AdvancedQuery

1 Introduction

AdvancedQuery is a Zope product aimed to overcome several limitations of ZCatalog's native search function.

Like ZCatalog's search, it supports elementary index searches. While ZCatalog can combine such elementary searches only by "and", AdvancedQuery allows them to be combined arbitrary with & (and), | (or) and ~ (not).

While ZCatalog supports an efficient sorting via an index on one level, AdvancedQuery supports sorting via any level of (field) indexes. Moreover, it sorts the result incrementally -- only as far as you access your result. This can drastically speed up the time required for sorting. It uses Python's generators for this (and thus requires Python 2.2 or better).

2 Query Objects

Queries are specified by (full blown) Python objects. They are constructed in the following way:

Expression printed as Meaning
Eq(index, value, filter=False) index = value the documents indexed by index under value
Le(index, value, filter=False) index <= value the documents indexed by index under a value less or equal value
Ge(index, value, filter=False) index >= value the documents indexed by index under a value greater or equal value
MatchGlob(index, pattern, filter=False) index =~ pattern the documents indexed by index under a value matching the glob pattern. A glob pattern can contain wildcards * (matches any sequence of characters) and ? (matches any single character).
This query type is only supported by most string or unicode based ManagableIndexes (exception: RangeIndex). Many TextIndexes support glob matching via the Eq query.
MatchRegexp(index, regexp, filter=False) index =~~ regexp the documents indexed by index under a value matching the regular expression regexp. See the re module documentation in the Python Library Reference, for a description of regular expressions.
This query type is only supported by most string or unicode based ManagableIndexes (exception: RangeIndex).
Between(index, low, high, filter=False) low <= index <= high the documents indexed by index under a value between low and high
In(index, sequence, filter=False) index in sequence the documents indexed by index under a value in sequence
Generic(index, value, filter=False) index ~~ value this query type is used to pass any search expression to index as understood by it. Such search expressions usually take the form of a dictionary with query as the most essential key. Generic is necessary to use the full power of specialized indexes, such as the level argument for PathIndex searches.
Indexed(index) Indexed(index) the documents that are indexed by index. This does not work for all index types.
LiteralResultSet(set) LiteralResultSet(set) the documents specified by set.
set must be an IISet, IITreeSet or sequence of catalog "data_record_id_"s.
This can e.g. be used to further restrict the document set previously obtained through a query.
~ query ~ query Not: the documents that do not satisfy query
query1 & query2 (query1 & query2) And: the documents satisfying both query1 and query2
And(*queries) (query1 & ... & queryn) And: the documents satisfying all queries; if queries is empty, any document satisfies this And query
query1 | query2 (query1 | query2) Or: the documents satisfying either query1 or query2 (or both)
Or(*queries) (query1 | ... | queryn) Or: the documents satisfying (at least) one of queries; if queries is empty, no document satisfies this Or query

And and Or queries are so called CompositeQuerys. They possess a method addSubquery(query) to add an additional subquery.

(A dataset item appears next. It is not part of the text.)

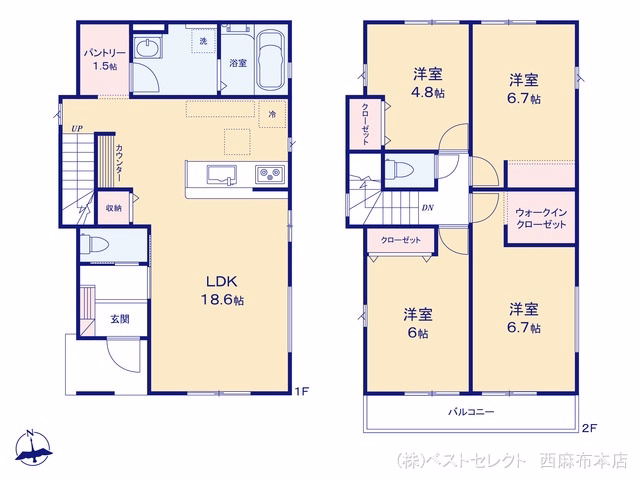 新築戸建て 川越市山田1期 1号棟 間取図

The constructors are imported from Products.AdvancedQuery.

AdvancedQuery uses so called Monkey Patching to give ZCatalog the new method makeAdvancedQuery(catalogSearchSpec). A catalogSearchSpec is a search specification as described in the Zope Book for ZCatalog searches (essentially a dictionary mapping index names to search specifications). makeAdvancedQuery returns the equivalent AdvancedQuery search object.

3 Query evaluation

AdvancedQuery uses so called Monkey Patching to give ZCatalog and (if available) the CMF CatalogTool the new method evalAdvancedQuery(query, sortSpecs=(), withSortValues=_notPassed). evalAdvancedQuery evaluates query and then sorts the document result set according to sortSpecs.
If withSortValues is not passed in, it is set to True if sortSpecs contains a ranking specification (as you are probably interested in the rank) and to False otherwise.
If withSortValues, then the data_record_score_ attribute of the returned proxies is abused to hold the sort value. It is a tuple with one component per component in sortSpecs. The attribute data_record_normalized_score_ is set to None.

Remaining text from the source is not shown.